In the Third Part, Kant discusses the various ideas of reason, and how they mislead the understanding into posing insoluble metaphysical questions. In this section, he hopes to determine the value of reason and the precise bounds within which it can operate. While we can never know more about an object than what experience teaches us, the concepts of our understanding help us to pose metaphysical questions that experience cannot answer. It is only natural, then, that we should consult reason when experience lets us down.

Kant distinguishes metaphysics from mathematics and science by saying that the former has bounds while the latter two have only limits. Both math and science are complete in and of themselves: there are no insoluble problems in these fields, no questions that cannot be answered given enough time, insight, and progress. They are limited only in that their scope is not absolutely general. Math cannot answer metaphysical or moral questions, and science cannot give us insight into things in themselves. However, morality and metaphysics are not needed in mathematical explanations and the nature of things in themselves does not affect the progress of science, which deals only with the objects of experience. What these fields don't know can't hurt them.

Metaphysics, on the other hand, is bounded: reason poses questions for itself that it cannot answer. In investigating metaphysical questions, reason bumps up against boundaries that it cannot press beyond. That is, metaphysics asks questions about the nature of things in themselves, but we cannot gain definite knowledge of anything outside experience.

However, these bounds can be useful. While we cannot know what is beyond them, we can infer from the existence of these bounds that there is something beyond them (i.e. things in themselves) and we can infer the connection these things in themselves must have with the perceptible world. While we cannot reach beyond experience to things in themselves, we can examine the relation between things in themselves and our experience.

Kant has already dismissed any attempt to prove the existence of God or to learn anything positive about God's nature.
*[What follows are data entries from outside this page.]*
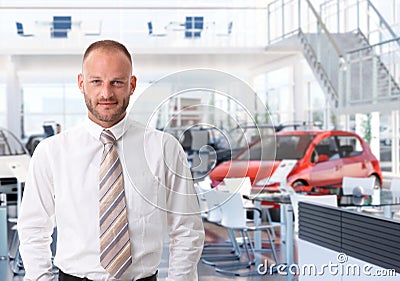 Portrait of car salesman in showroom Stock Photo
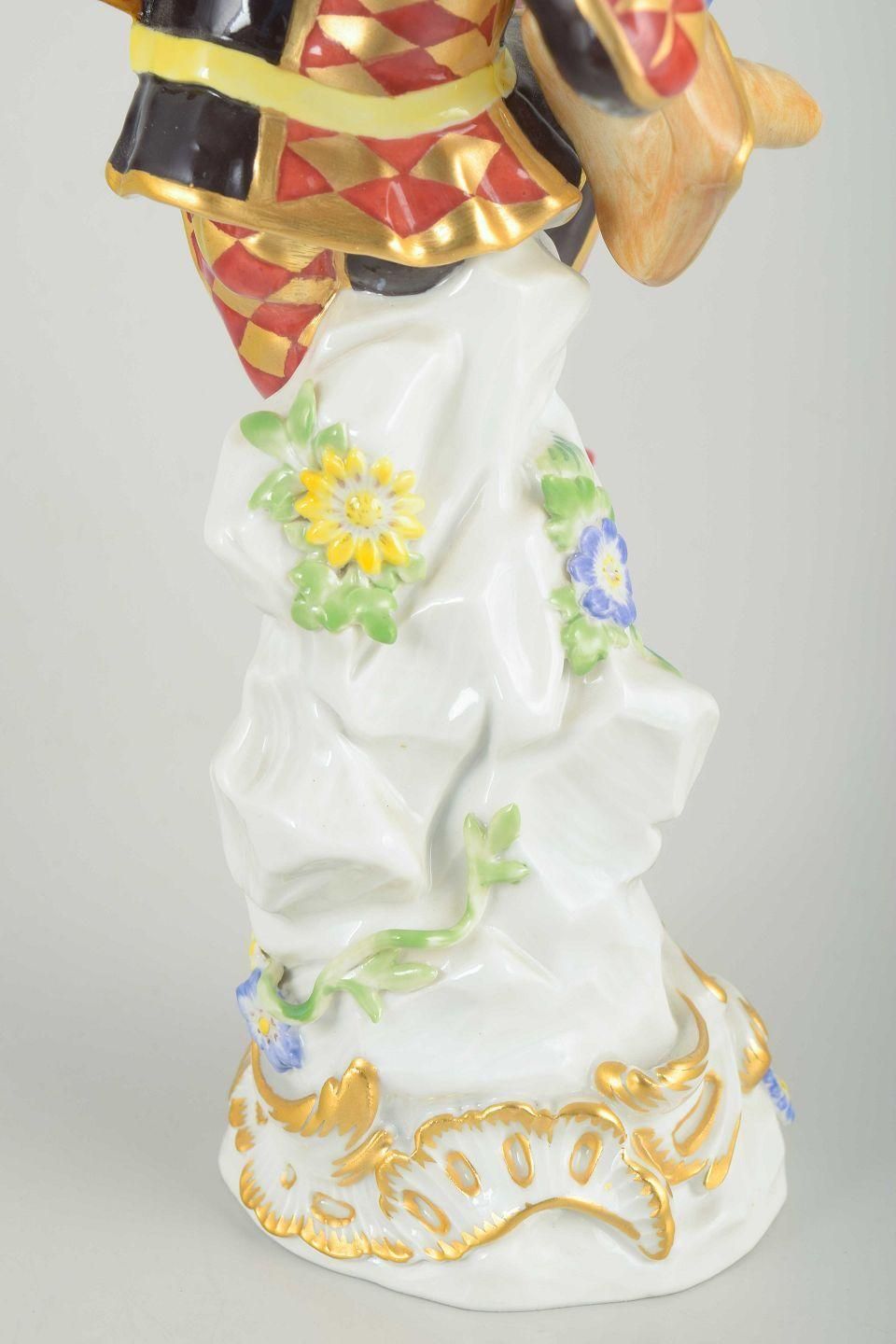 Meissen. Porcelain Figure Of “Harlequin” In A Classic Commedia Dell’arte Costume photo vintage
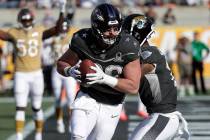AFC tight end Mark Andrews, of the Baltimore Ravens, (89) scores a touchdown, during the first ...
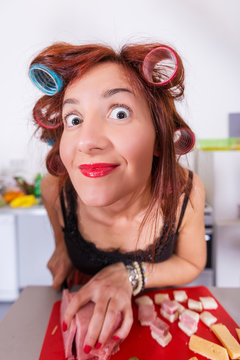 Young pretty woman housewife cooking with curlers hair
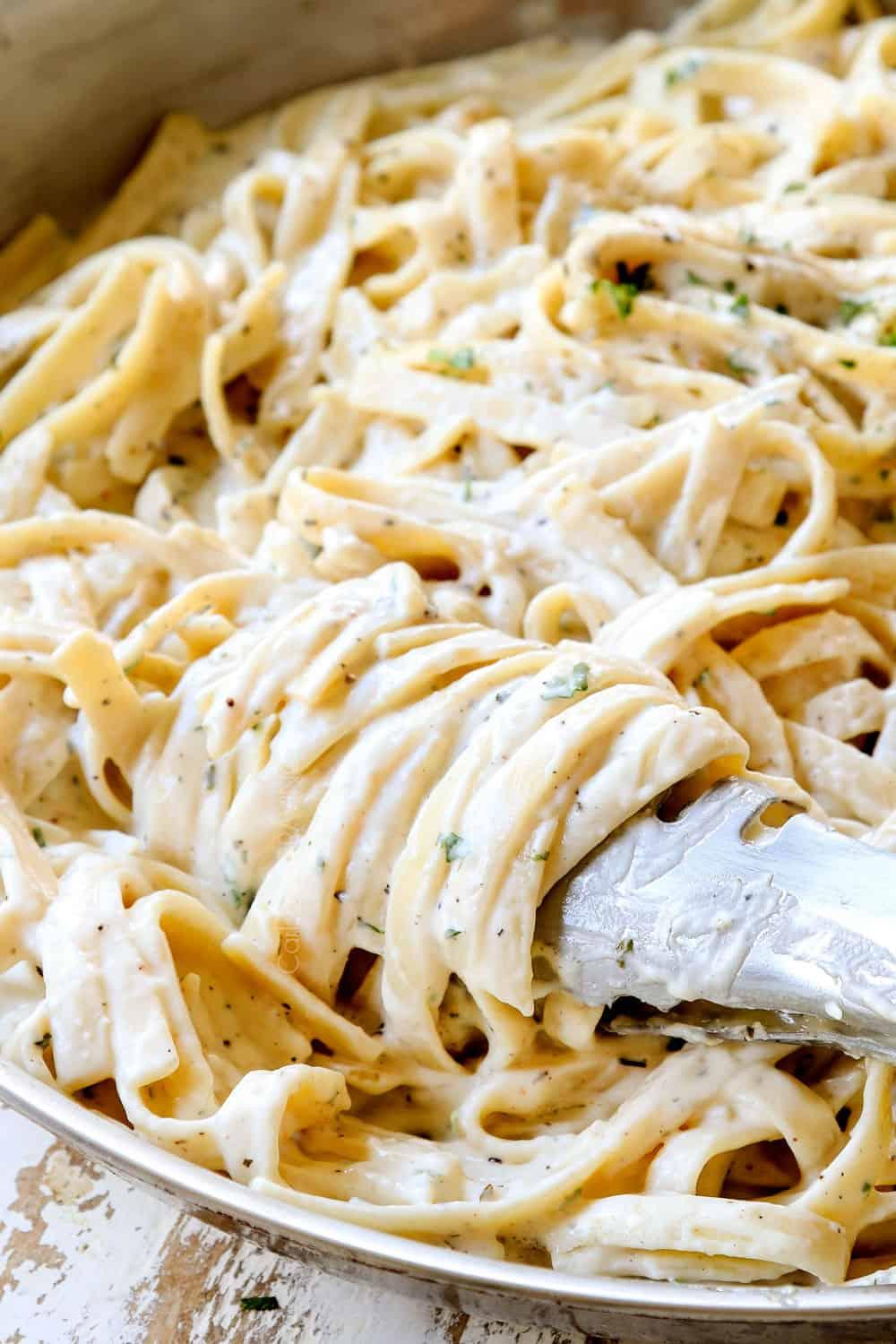 twirling tongs with best fettuccine Alfredo showing how creamy it is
Our knowledge is structured by categories and concepts that are applicable only to experience, so we cannot apply these categories and concepts in any meaningful way to things beyond experience. For instance, it would be a mistake to attribute supreme rational powers to a Supreme Being, since we can't attribute anything to something beyond experience. What we can do, however, is attribute the rational order of the experienced world to a Supreme Being that sits outside the experienced world. This is not to say anything about a Supreme Being, but only about the relation that Being has with the world. If we see the world as structured in a rational way, we find a unity in experience by stretching our powers of reason right to the bounds of experience.
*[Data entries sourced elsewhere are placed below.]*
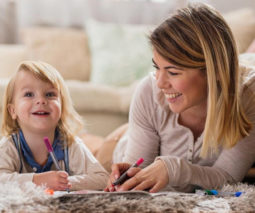 Toddler girl and babysitter lying on floor colouring in book - feature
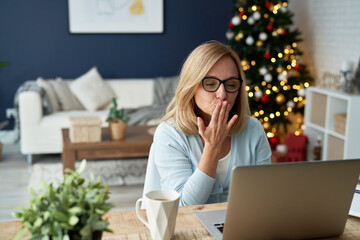 Mature woman sending kisses during video conference at home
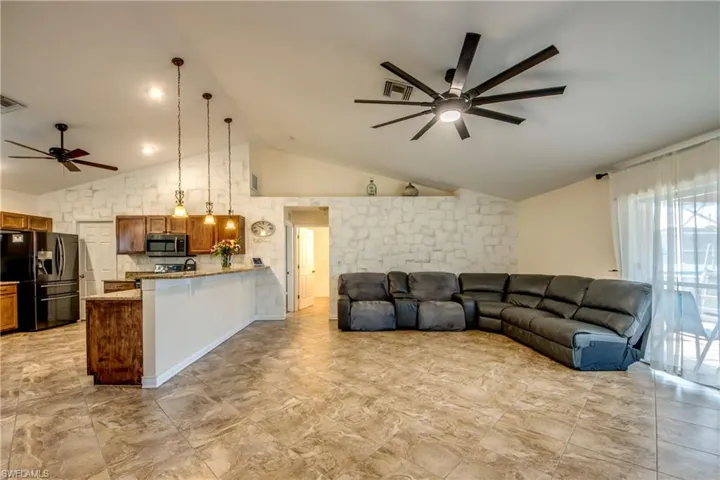 Living room with ceiling fan and high vaulted ceiling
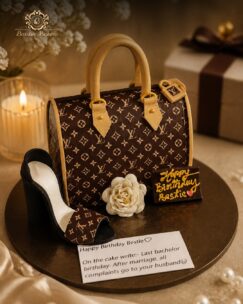 Luxury handbag birthday cake with designer purse styling, matching high heel, and premium fashion-themed decorations.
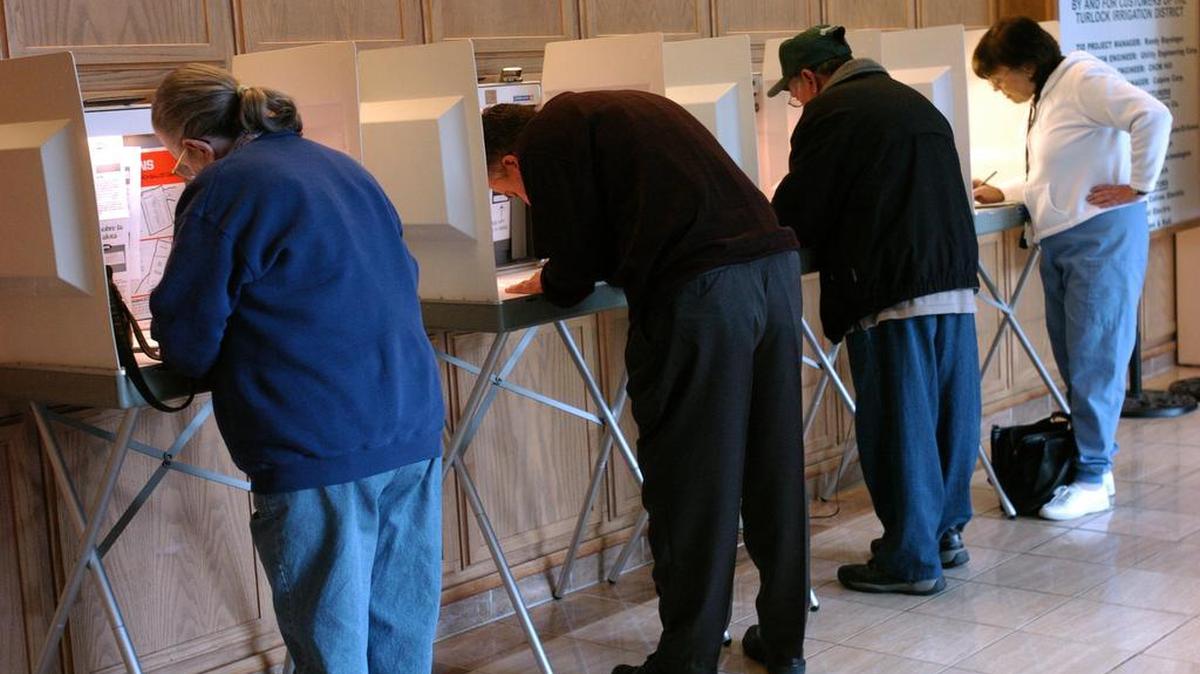 Voters fill four voting booths during an even-numbered year in November. Voting falls off precipitously in odd-numbered years.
Though there is no way of knowing the reason why we have reason, Kant offers some speculation. He suggests that perhaps reason, in showing us the bounds of experience, also teaches us that there is something beyond experience that we cannot know, thereby giving us a more balanced perspective. Without the idea of a soul, we might think psychology can fully explain human behavior; without the cosmological ideas, we might think nature is sufficient unto itself; without the idea of God, we might become fatalists, doubting the possibility of free will.